This where cyber-security standards come in. In 2002, the International Society for Automation created and distributed the ISA-99 cyber security document to those in industrial automation sectors in order to inform them of how to protect themselves from the cyber security threats of the time. In its present state, the ISA/IEC-62443 standard is made up of a series of standards, reports, and other documentation that define the procedures required to enable network operators to implement secure industrial automation and control systems. One of the biggest strengths to the ISA/IEC-62443 standard is that it has been written to cover multiple industrial sectors in its scope and can also be used within similar control systems in adjacent markets. Because of this, it has become the go-to standard recognized and incorporated by multiple countries and organizations.
Outlining the Goals of the IEC-62443 Series
So, what does the ISA/IEC-62443 standard aim to do? Much like the original 2002 ISA-99 document, the objective of the ISA/IEC-62443 standard is to improve the safety, integrity, confidentiality, and availability of systems, devices, and components that make up industrial automation and control systems. It also aims to provide criteria for the procurement and implementation of industrial automation and control systems and, by conforming to the requirements of the ISA/IEC-62443 standard, it is hoped that electronic security will be improved while also helping to identify and deal with vulnerabilities. Another aim of the standard is to reduce the risk of confidential data becoming compromised as well as reduce the risk of hardware or software degradation or the failure of control systems or processes. Major equipment suppliers such as Schneider Electric, Honeywell, Siemens, and Yokogawa have chosen to back the ISA/IEC-62443 standard as a foundational standard that could drive enhancements to device security as well as adding features to their own technologies in order to become compliant with the ISA/IEC-62443 standard.
The standard itself is organized into four elements; General, Policies and Procedures, System, and Component.
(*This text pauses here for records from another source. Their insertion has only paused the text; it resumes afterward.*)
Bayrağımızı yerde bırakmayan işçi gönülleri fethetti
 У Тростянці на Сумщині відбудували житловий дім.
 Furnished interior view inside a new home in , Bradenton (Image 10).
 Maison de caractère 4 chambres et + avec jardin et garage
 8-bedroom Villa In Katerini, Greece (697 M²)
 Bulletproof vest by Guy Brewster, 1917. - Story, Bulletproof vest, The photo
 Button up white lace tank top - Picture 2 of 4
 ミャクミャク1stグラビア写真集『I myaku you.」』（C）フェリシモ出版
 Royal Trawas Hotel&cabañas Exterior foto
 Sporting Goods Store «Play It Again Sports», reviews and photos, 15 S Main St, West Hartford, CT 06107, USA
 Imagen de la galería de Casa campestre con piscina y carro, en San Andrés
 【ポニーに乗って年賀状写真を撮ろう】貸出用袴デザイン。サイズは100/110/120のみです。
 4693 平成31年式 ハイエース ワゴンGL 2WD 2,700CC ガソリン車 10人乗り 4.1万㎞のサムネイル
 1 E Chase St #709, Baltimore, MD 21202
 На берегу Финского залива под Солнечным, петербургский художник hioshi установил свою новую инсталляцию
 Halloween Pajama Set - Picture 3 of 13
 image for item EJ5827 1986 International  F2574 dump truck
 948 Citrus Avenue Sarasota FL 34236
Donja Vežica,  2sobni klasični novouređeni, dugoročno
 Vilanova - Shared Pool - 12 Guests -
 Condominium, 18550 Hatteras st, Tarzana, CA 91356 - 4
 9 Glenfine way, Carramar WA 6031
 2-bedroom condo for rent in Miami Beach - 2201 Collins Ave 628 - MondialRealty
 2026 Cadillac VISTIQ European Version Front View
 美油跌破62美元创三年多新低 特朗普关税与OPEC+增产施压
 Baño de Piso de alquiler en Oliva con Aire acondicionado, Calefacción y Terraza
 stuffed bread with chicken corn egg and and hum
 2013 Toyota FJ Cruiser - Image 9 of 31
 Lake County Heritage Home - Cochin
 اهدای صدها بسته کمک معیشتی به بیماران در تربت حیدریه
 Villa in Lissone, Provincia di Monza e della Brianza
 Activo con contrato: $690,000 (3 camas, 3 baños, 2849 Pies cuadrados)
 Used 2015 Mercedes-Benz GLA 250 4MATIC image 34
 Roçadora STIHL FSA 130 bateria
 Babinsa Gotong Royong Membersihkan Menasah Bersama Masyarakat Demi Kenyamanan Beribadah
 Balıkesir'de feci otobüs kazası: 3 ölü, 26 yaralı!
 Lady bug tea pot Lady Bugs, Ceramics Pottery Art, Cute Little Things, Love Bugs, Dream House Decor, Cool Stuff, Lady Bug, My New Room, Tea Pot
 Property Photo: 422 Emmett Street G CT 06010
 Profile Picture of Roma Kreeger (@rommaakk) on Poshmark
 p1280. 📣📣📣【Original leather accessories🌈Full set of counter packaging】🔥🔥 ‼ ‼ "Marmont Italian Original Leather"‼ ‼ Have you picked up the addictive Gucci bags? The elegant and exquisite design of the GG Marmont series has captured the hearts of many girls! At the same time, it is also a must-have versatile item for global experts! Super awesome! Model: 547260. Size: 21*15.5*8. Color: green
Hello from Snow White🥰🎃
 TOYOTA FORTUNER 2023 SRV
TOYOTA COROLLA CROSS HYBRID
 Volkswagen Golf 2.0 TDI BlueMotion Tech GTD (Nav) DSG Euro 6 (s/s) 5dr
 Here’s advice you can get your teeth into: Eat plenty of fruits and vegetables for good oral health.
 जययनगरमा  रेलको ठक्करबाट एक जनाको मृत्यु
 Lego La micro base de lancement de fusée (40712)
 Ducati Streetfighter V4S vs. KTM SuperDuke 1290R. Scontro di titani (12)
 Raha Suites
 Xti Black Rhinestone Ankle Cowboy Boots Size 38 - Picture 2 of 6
These groups correspond with their overall focus and intended audience.
The general group contains the standard elements that are commonly found throughout the entire series such as descriptions of an industrial automation and control system security lifecycle and use cases illustrating their applications.
Policies & Procedures
The policies and procedures group focusses on industrial automation and control systems security procedures such as cyber security and patch management as well as requirements for suppliers of industrial automation and control systems. Both the general and policies and procedures groups are primarily aimed at asset owners.
The system group is self-explanatory in that it covers cyber security requirements at the system level. These include aspects such as environmental technologies, risk assessment, and system design. The system group is primarily aimed at system integrators.
The final component group covers the specific details and requirements for the design and development of industrial automation and control system products covering topics such as the derived requirements applicable to the development of products. The component group is primarily aimed at component suppliers.
The ISA/IEC-62443 standard looks to improve the operation, production, and management of industrial automation and control systems and positive steps are being made with it increasingly being adopted by businesses and organizations across various industries. This adoption by network administrators, component suppliers, and system integrators is proof that standards such as the ISA/IEC-62443 are much needed in a world currently embracing swift and disruptive technological innovation and advancement.